BEGIN SUPPLIED DATA
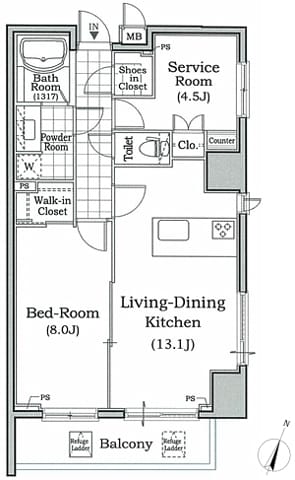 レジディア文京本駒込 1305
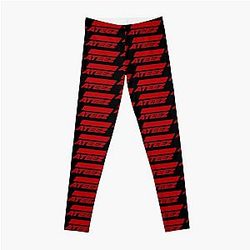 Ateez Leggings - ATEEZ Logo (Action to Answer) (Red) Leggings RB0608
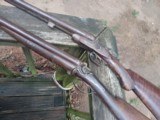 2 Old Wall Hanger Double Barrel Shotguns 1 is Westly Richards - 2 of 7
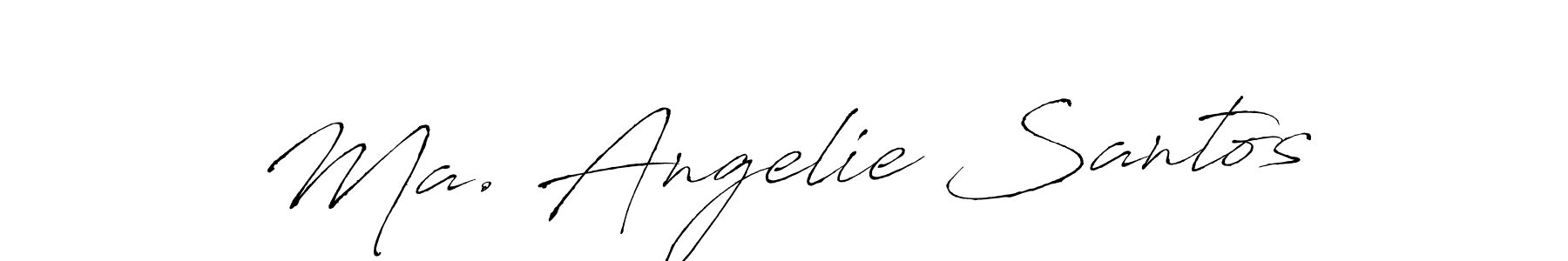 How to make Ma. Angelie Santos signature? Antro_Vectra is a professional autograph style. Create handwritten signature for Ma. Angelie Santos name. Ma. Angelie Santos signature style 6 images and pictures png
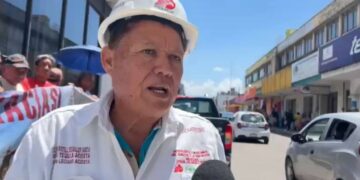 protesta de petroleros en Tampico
END SUPPLIED DATA
DIRECTIONS FOR THIS TASK —
Set down every entry above exactly as written. Leave out all pictures.

TASK ANSWER —
 レジディア文京本駒込 1305
 Ateez Leggings - ATEEZ Logo (Action to Answer) (Red) Leggings RB0608
 2 Old Wall Hanger Double Barrel Shotguns 1 is Westly Richards - 2 of 7
 How to make Ma. Angelie Santos signature? Antro_Vectra is a professional autograph style. Create handwritten signature for Ma. Angelie Santos name. Ma. Angelie Santos signature style 6 images and pictures png
 protesta de petroleros en Tampico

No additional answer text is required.